# Work to complete:
Would it be possible to copy exactly the lines from the one containing "this 640×480 image." to the end of the entries, including both and nothing else?

# Dataset records:
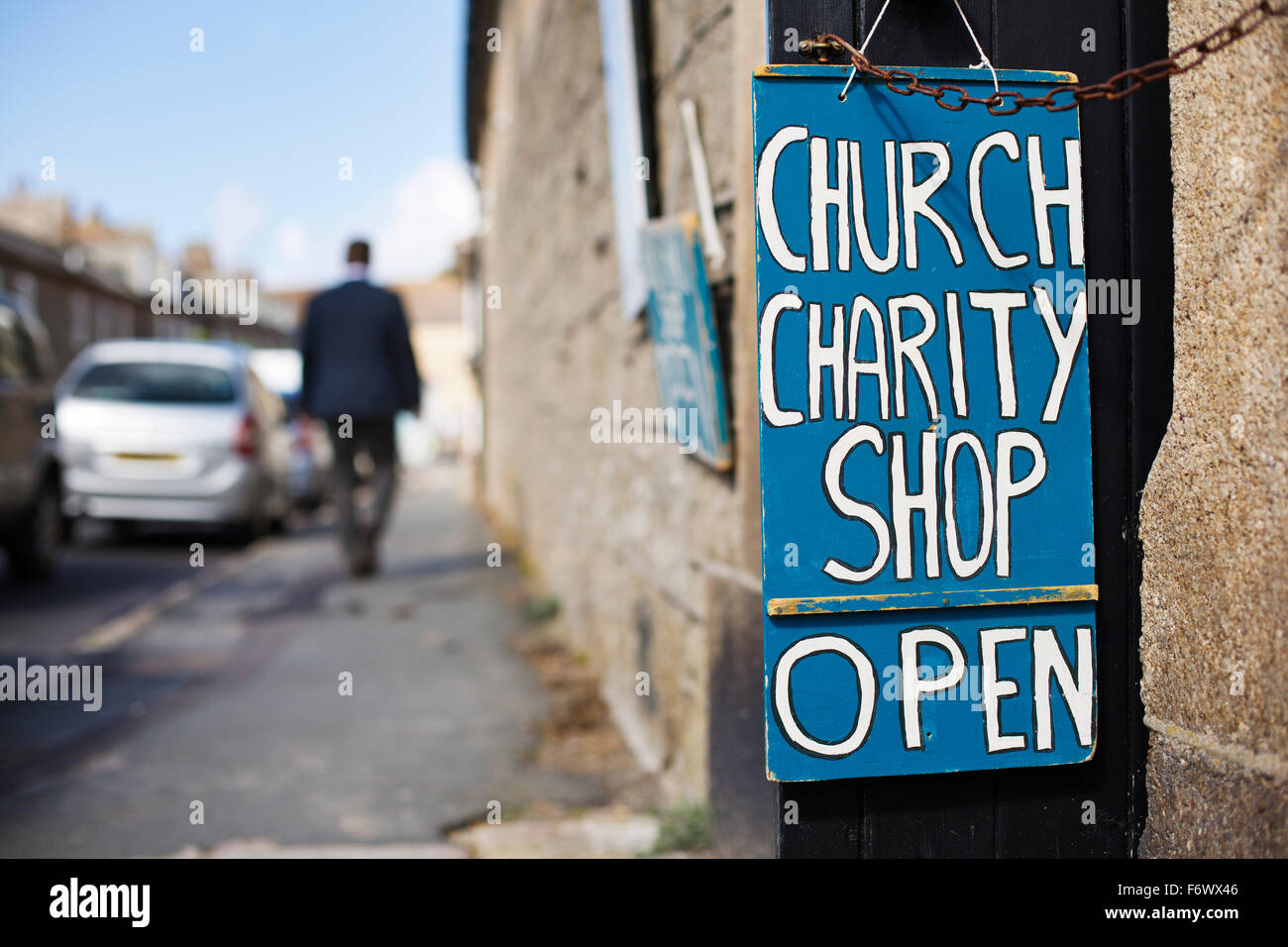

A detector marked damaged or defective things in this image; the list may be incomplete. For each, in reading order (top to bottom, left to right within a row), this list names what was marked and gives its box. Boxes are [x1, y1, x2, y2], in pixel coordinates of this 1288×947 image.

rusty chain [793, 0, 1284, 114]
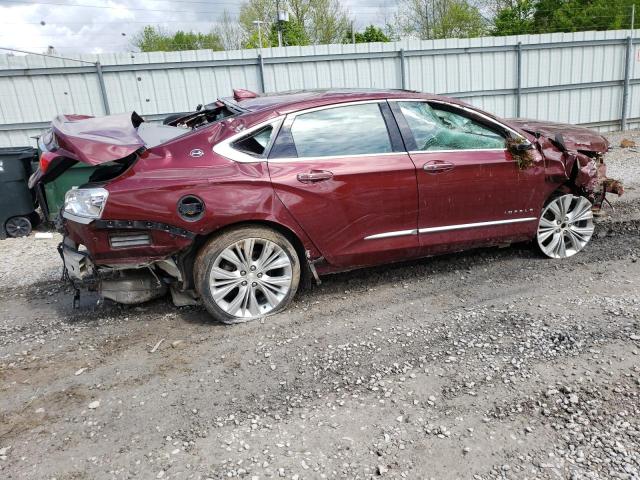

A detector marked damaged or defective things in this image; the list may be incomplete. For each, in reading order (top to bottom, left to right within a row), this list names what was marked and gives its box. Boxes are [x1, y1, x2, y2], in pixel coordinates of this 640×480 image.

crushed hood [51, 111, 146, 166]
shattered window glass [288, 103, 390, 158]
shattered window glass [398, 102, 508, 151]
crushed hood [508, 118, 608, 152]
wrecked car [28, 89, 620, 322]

# Task result:
A detector marked damaged or defective things in this image; the list may be incomplete. For each, in reading order (top to bottom, left to right within a row), this list names what was marked and gives its box. Boxes are [x1, y1, x2, y2], in pixel coordinates of this 640×480 image.

crushed hood [51, 111, 146, 166]
shattered window glass [288, 103, 390, 158]
shattered window glass [398, 102, 508, 151]
crushed hood [508, 118, 608, 152]
wrecked car [28, 89, 620, 322]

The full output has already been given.